Easy going, divine dance: A.I.M by Kyle Abraham in An Untitled Love

Kings Theatre, Edinburgh
August 20, 2022

★★★★

An Untitled Love, Kyle Abraham’s latest work for his company A.I.M, invites the audience into the most laid-back of house parties. Friends come and go, stopping to talk, joshing, joking, even sometimes dancing. To one side at the front sits a sofa and pot plant, around which they munch snacks, chat or just chill.

The mood is emphasised by the music, a selection of bass-heavy soul by R&B great, D’Angelo. An Untitled Love is a slow burner and does take a while to get going, though. For the first half-hour or so, the dance is restricted to just little vignettes, although it’s amazing how gently and easily they flow out of the various meetings and comings and goings. The exception is an arresting slow-motion sequence to pacy music where time seems to slow.

Tamisha A Guy and Claude (CJ) Johnson
in An Untitled Love by Kyle Abraham
Photo Christopher Duggan

Dancers flirt, and socialize easily. Dance and the conversations become as one. A juicy arabesque or a short sequence really does feel like an extension of what is being said. It’s also warm and cosy with hints of romance as the cast make their moves, pair off and disappear for a while.

When the longer sequences come, we see just how varied and beautifully fluid Abraham’s vocabulary is. Ballet moments sit alongside effortless jazz with, every now and then, a dash of hip hop thrown in for good measure.

The dance and the dancing are gorgeous. An Untitled Love is loaded with soft graceful turns, pliant bodies and long lines. In duets, the performers frequently seem to melt into one another. It will leave you purring with pleasure.

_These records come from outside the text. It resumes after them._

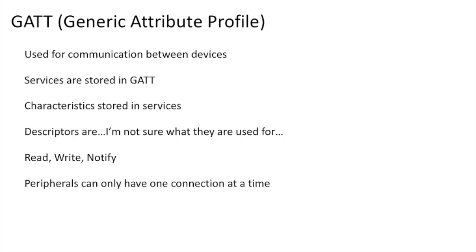So, one more important thing to think about is that peripherals can only be explicitly connected like this to one central at a time. When it is connected to a central, it will stop emitting advertising data during that connection.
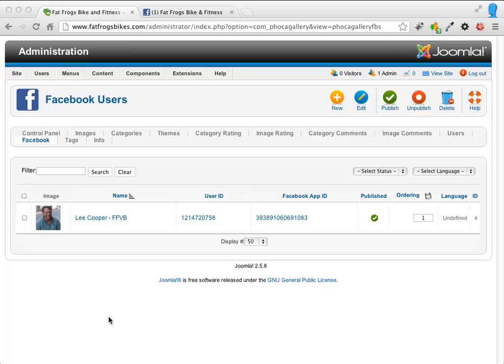Alright, so welcome back. Now we have a Facebook user created in the Foca Gallery, so the next step is going to be import some photos into a photo album.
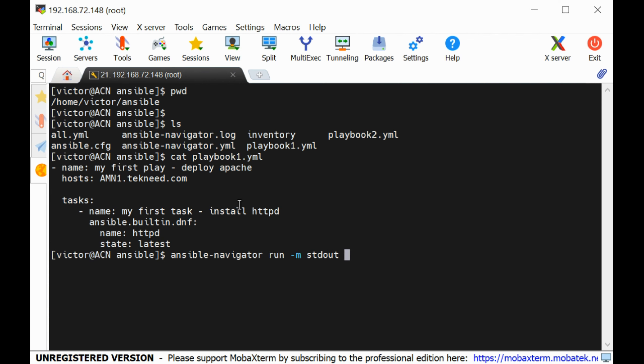Whenever you run a playbook and see yellow, it means a change has been made. When you see green, no changes have been made. This is why we say a playbook is idempotent — you can re-run it as many times as possible. If there are no changes, it comes back green; if there are changes, it comes back yellow.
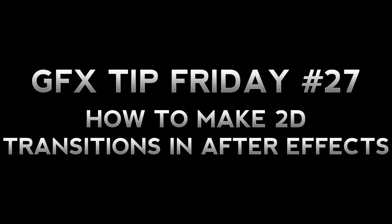Hey what's up guys, it's Andrew from Posh Designs and today I have episode 27 of my weekly series called GFX Tip Friday where I go into Photoshop, After Effects, Cinema 4D or another demanding editing program and I'll show you guys one tip that can be used in everyday editing.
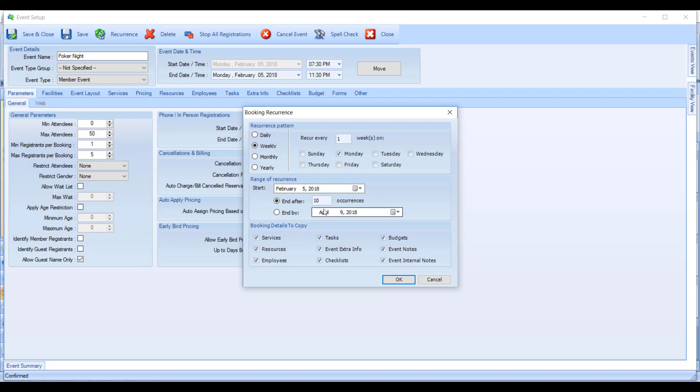I don't recommend you put a very large number. So if this is an indefinite event, don't go in and put 9,999, because you can imagine to create that many events might freeze up your computer for a long time and take a long time to save.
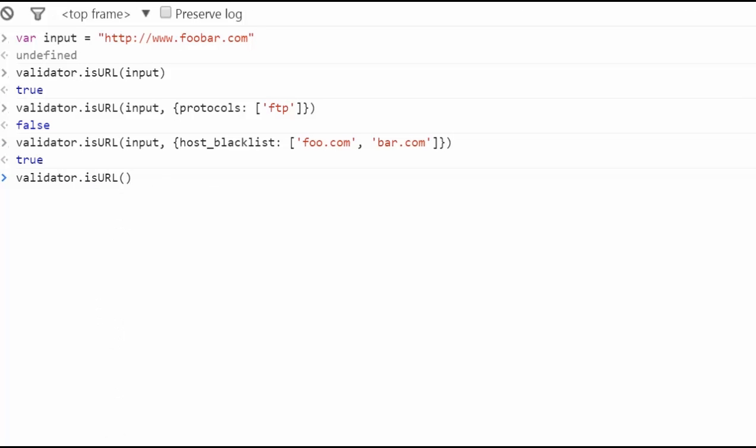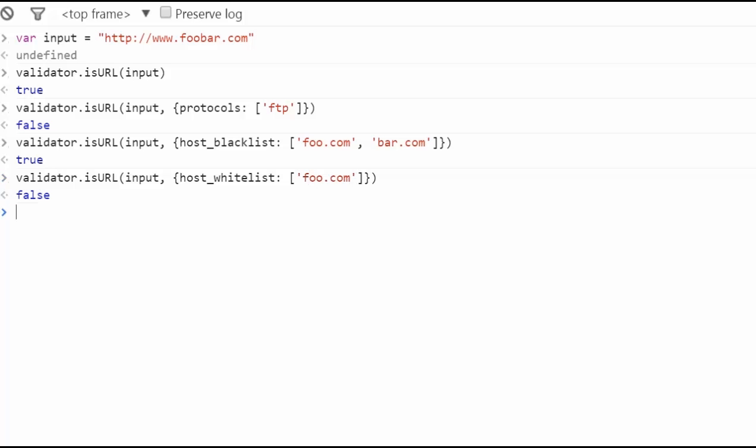And of course, there is its opposite function, host underscore white list, which only lets pass the allowed URLs. Here, we will put a URL which only allows the input to pass if they are equal.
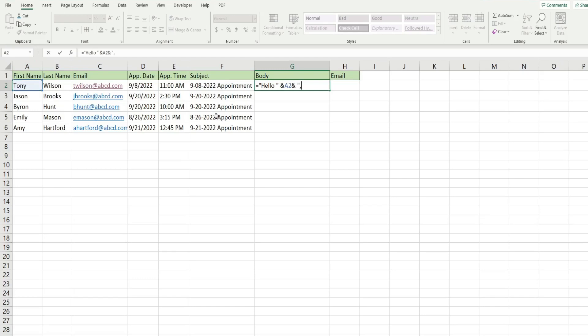And then what we want at this point is a new line. So to do that, we're going to use a percentage zero and A that just tells Outlook that this is a new line. And what we really want to do is insert two new lines because we want a space between hello, the name and the body of our message. So I'm going to insert this two times.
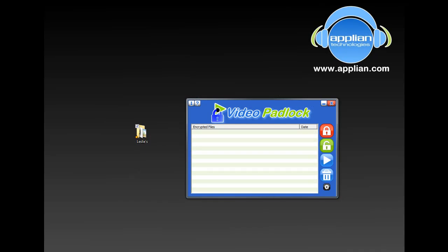If your computer ever gets used by someone other than you, then you have a need for Video Padlock. Video Padlock is a super easy to use and super secure video encryption program that will work with any file you've got on your computer. It doesn't have to be a video. Let me show you how it works and how easy it is to use.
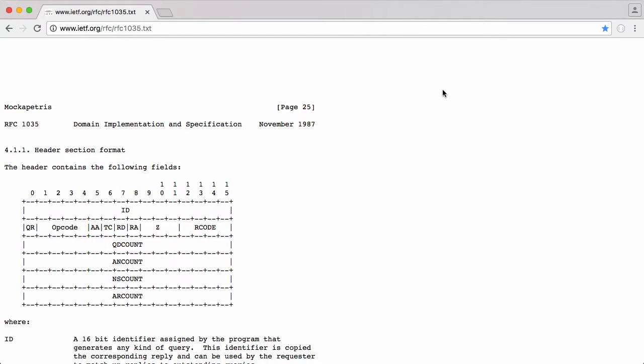In the last video we left off having created the DNS header that we're going to send in a response. In this video we're going to start creating the DNS body, which is the bottom half of the response that we're going to send back to the client. So let's get started.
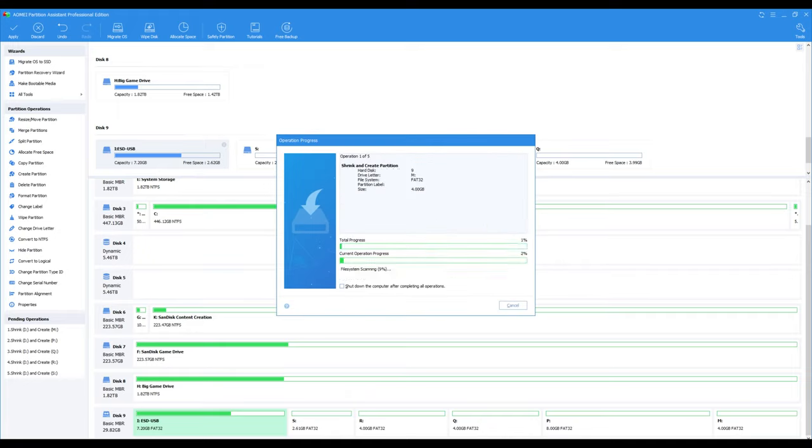But once it is done, you will see when you go to This PC on Windows, you have all your little sub drives there. And it's just that simple to create a partition on a USB drive.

Jae Nael is the main comic figure, sauntering through the scene eating or dropping into splits as if he had drunk too much. We do hear some speech too, often with gentle humour about familiar topics. Catherine Kirk gives into Martel Ruffin’s advances, after which we hear a funny offstage monologue as she gets ready for a date with him, wondering what to wear, and even whether she should back out, torn between “playing with boys” and remaining single for life. A minor narrative oddity sees them back at the party after he arrives.

The mood changes for a moment when a voiceover suddenly intrudes. As the cast, almost all black, lie on the floor, “We’re the ones getting killed,” we hear. “Why do we keep loving this country? This country does not love us back.”

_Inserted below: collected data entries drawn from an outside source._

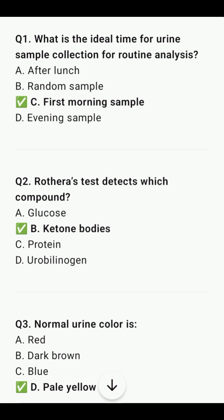Urine analysis is an important topic in the Prometric exam. We will discuss 25 questions about this. First question: what is the ideal time for urine sample collection for routine analysis? That is, the first morning sample.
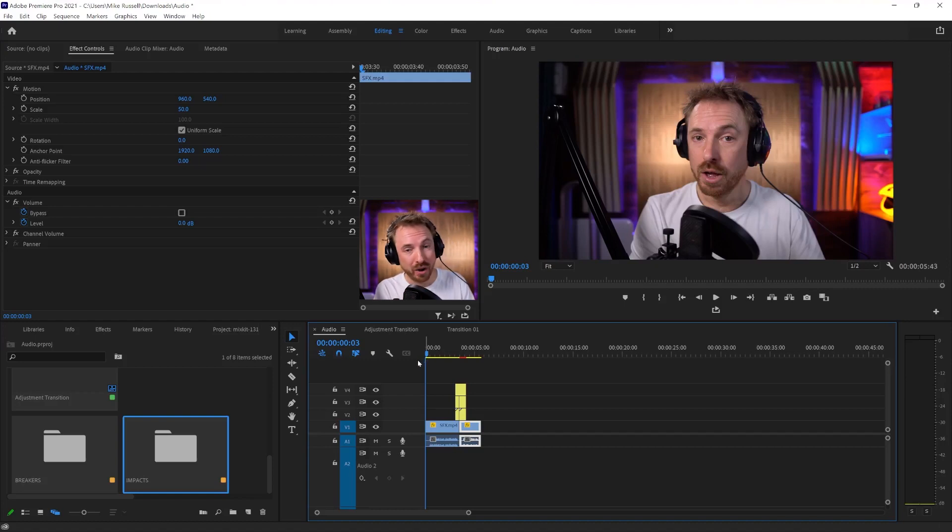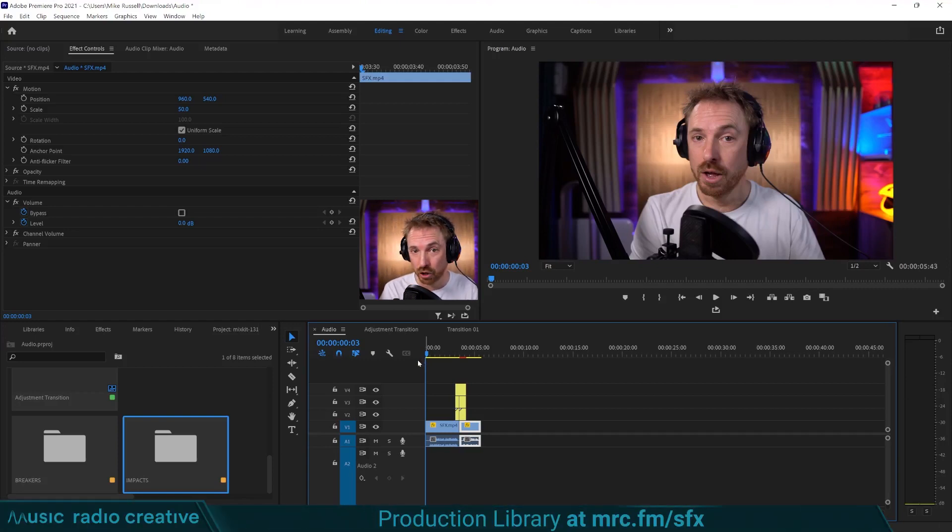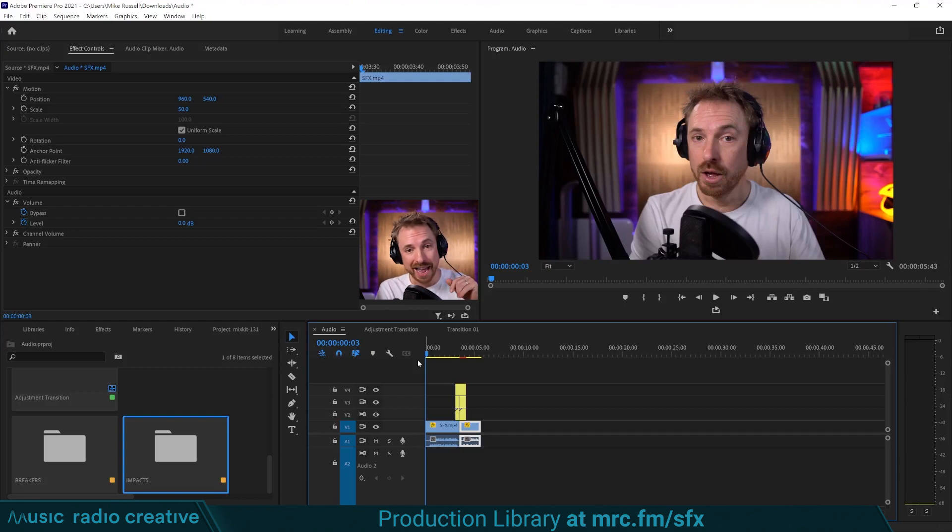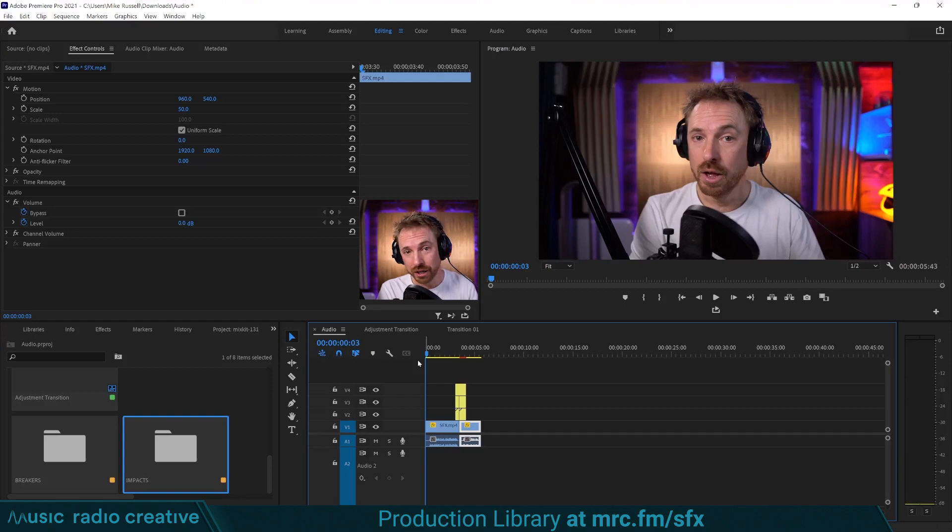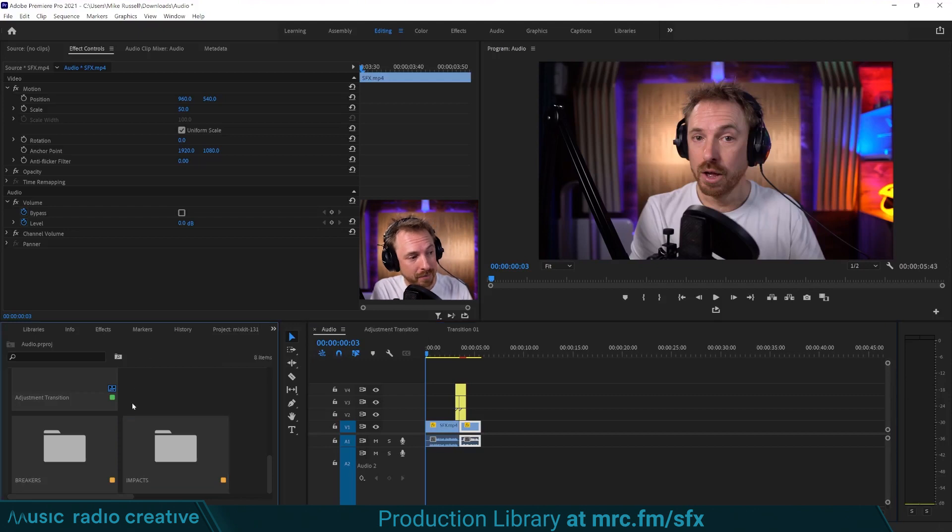So I'm using some of our own production library sound effects. You can access them at mrc.fm/sfx. And they really are the best sound effects for doing transitions and any kind of editing or audio design to go with your videos. So check them out at mrc.fm/sfx.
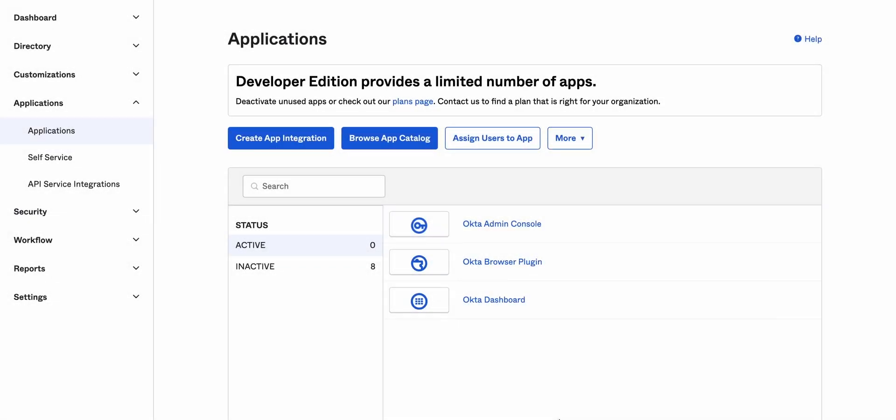Hello and welcome to this video tutorial on implementing Okta with a single page web app template. My name is Alex and in this video we'll walk you through the process of setting up and configuring Okta authentication for a SWAT app using a pre-built template.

The quiet yet powerful duet to D’Angelo’s ‘Untitled (How Does It Feel)’ for Kirk and Martell Ruffin that follows is the highlight of the show. Separated by a strip of light across the front of the stage, the couple support in other in turns. The connection is unstable, though, she receding into the shadows time and again. When she leaves, it’s followed by an electric solo by him, his body seeming to scream with the pain inside.

It ends with the whole cast gathered on and around the couch watching the divine Tamisha A. Guy and Claude (CJ) Johnson dance romantically. I, and I suspect most in the King’s Theatre audience sighed very happily indeed.